MMDRP: Predicting Cancer Drug Response with Multimodal Deep Learning
June 2022 · Farzan Taj
The Problem
Two patients can receive the same cancer diagnosis and the same chemotherapy regimen, yet one responds well while the other does not. This heterogeneity is driven by the unique molecular landscape of each patient's tumour — differences in gene expression, mutational burden, protein abundance, and more.
Predicting in vitro drug response from cell line profiles is a tractable proxy for this problem: if we can learn which molecular features make a cancer cell line sensitive or resistant to a given compound, we gain both a predictive tool and a window into the biology of drug action.
Our Approach
Most prior work used gene expression alone to represent a cell line. We asked: what happens if you give the model everything? MMDRP (Multimodal Drug Response Prediction) encodes up to eight distinct omics layers simultaneously, fusing them with a learned representation of the drug's chemical structure.
Each input modality is projected through its own encoder before being concatenated into a shared representation. A prediction head then regresses the drug response metric (area under the dose-response curve, AUC) from CTRPv2. Importantly, the model is designed to handle missing modalities gracefully — not every cell line has every data type.
Data
Cell line omics data came from the DepMap portal (releases 20Q2 and 21Q2). Drug response data was sourced from CTRPv2 and processed using the PharmacoGx Bioconductor package.

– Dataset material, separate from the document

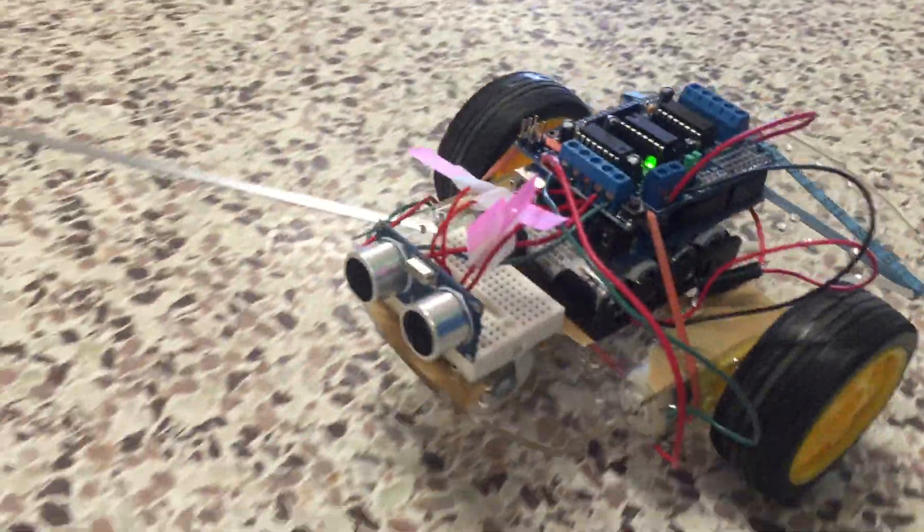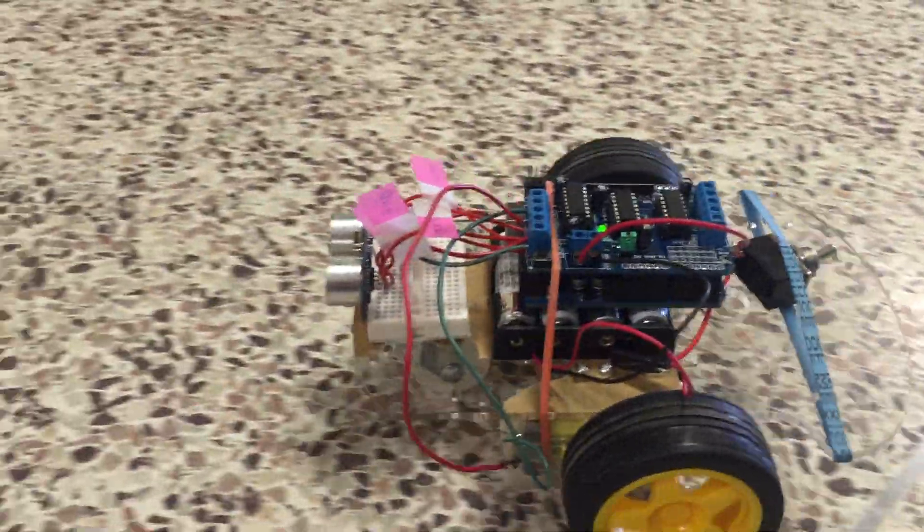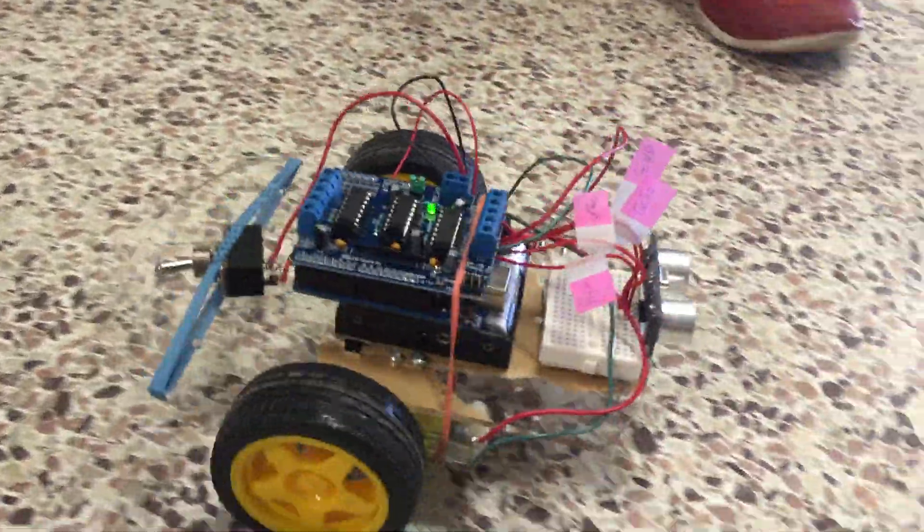So what components did you use? We used an ultrasonic sensor, an Arduino shield, and an Arduino Uno with red boards and a set.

Drug chemical structures were encoded from SMILES strings into fingerprint representations, giving the model access to structural information that purely omics-based approaches ignore entirely.
Biomarker Discovery
Prediction accuracy is only half the story. A model that achieves high AUC but is a black box offers limited scientific value. MMDRP includes an attribution pipeline: by computing input gradients with respect to the predicted drug response, we can rank individual features — genes, proteins, metabolites — by how much they influence each prediction.
This allows the model to surface candidate biomarkers on a per-drug basis. A feature that consistently appears in attributions across cell lines sensitive to a particular compound is a hypothesis about the mechanism of action or resistance — something a wet-lab collaborator can test.
Implementation
The entire pipeline is open-source: R scripts handle data downloading and preprocessing (dose-response curve fitting, omics normalisation), and a PyTorch-based Python CLI runs training and inference. The repository is designed to be reproducible — starting from raw DepMap and CTRPv2 downloads and producing trained models and result figures.